== Segment start ==

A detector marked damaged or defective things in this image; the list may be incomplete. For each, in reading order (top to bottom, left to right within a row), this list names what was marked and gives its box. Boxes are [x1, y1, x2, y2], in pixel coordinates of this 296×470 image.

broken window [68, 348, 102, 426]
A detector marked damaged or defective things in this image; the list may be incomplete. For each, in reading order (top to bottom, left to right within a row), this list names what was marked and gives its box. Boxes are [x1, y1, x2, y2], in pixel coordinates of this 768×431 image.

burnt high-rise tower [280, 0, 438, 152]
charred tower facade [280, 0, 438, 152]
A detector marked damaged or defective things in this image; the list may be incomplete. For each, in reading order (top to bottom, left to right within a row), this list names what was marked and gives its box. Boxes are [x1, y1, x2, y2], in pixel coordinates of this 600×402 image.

== Segment end ==
== Segment start ==

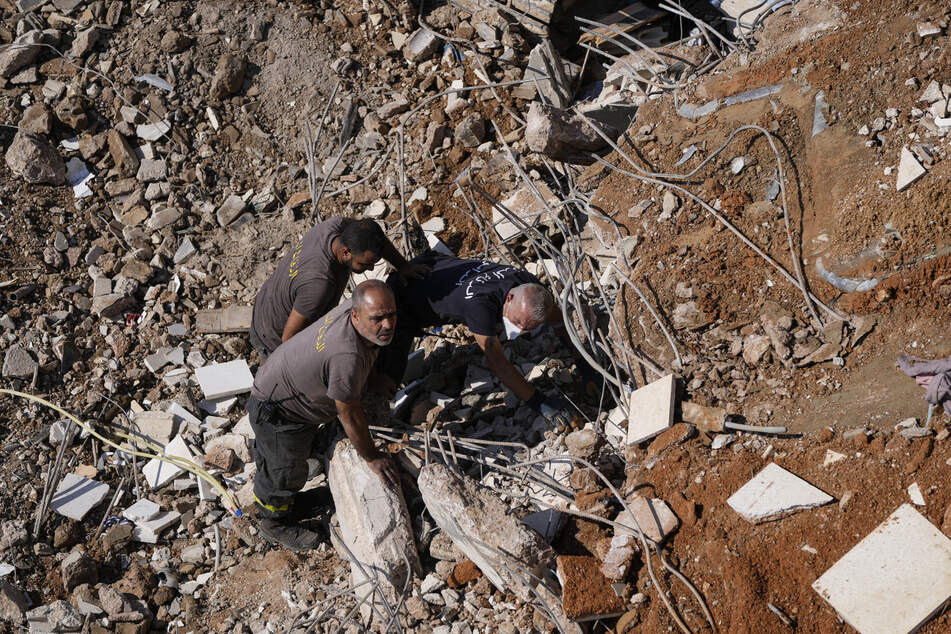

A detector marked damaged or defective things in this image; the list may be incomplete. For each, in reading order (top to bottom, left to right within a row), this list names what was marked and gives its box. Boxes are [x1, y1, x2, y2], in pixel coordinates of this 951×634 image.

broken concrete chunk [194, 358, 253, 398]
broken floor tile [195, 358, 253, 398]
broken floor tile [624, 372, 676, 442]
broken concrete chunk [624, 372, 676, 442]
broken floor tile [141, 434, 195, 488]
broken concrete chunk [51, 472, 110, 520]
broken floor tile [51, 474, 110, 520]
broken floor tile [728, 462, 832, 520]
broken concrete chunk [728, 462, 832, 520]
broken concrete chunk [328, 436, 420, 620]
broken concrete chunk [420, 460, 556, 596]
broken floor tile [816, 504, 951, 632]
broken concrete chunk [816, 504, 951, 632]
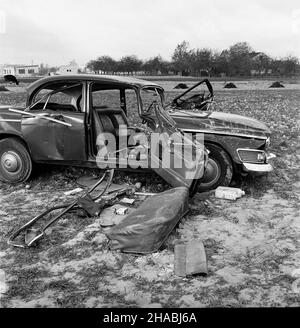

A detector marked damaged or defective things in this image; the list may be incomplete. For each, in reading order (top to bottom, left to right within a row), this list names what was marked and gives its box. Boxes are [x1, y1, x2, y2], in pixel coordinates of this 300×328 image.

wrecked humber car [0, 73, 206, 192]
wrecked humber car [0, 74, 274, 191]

== Segment end ==

### Exercise
Using the entries shown above, reproduce verbatim the lines from the line bearing "this 768×431 image." to the line bearing "this 600×402 image.", inclusive.

### Task result
A detector marked damaged or defective things in this image; the list may be incomplete. For each, in reading order (top to bottom, left to right within a row), this list names what was marked and gives its box. Boxes are [x1, y1, x2, y2], in pixel coordinates of this 768×431 image.

burnt high-rise tower [280, 0, 438, 152]
charred tower facade [280, 0, 438, 152]
A detector marked damaged or defective things in this image; the list may be incomplete. For each, in reading order (top to bottom, left to right within a row), this list names what was marked and gives its box. Boxes are [x1, y1, x2, y2], in pixel coordinates of this 600×402 image.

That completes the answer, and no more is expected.